I'm in charge of a datawarehouse which we update every weekend. That
means loading lots of tables with
TRUNCATE
INSERT /*+ APPEND PARALLEL */ ... SELECT ... FROM ...
COMMIT
for every table. The volume of the total load is about half to one TB.
Afterwards, when the tables are queried, every now and again an
ORA-01555 happens, sometimes even after days. In my opinion this can
only be because of delayed block cleanout, because loading and then
querying a table is *always* done serially.
If I would load the tables with
DROP TABLE
CREATE TABLE ... AS SELECT ... FROM ...
would the blocks be written pre-cleaned out, thus preventing the
ORA-01555 from happening?
Regards,
Jaap.
Oops, forgot the version: 9.2.0.8 on VMS.
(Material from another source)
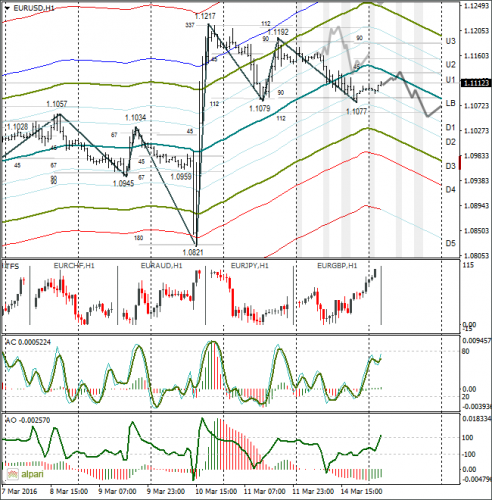 forex-eurusd-15-03-2016.png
how long does the truncate process take?
How long does the "insert into.. " processing take?
if it takes more than the weekend, then you need to do this
differently.
Have you tried to increase your undo_retention?
Have you tried to add more rollback segments?
ORA-01555 can only be caused by insufficient rollback segments. Make
your transactions MUCH smaller.
A good explanation can be found at: <http://asktom.oracle.com/pls/
asktom/f?p=100:11:0::::p11_question_id:1441804355350>
I am not sure I would agree with truncating a"warehouse" on a weekly
basis.?.? From your description, it sounds like the base tables are
also in the same database??? Why? And how does making a copy in these
"warehouse" tables help your overall system performance?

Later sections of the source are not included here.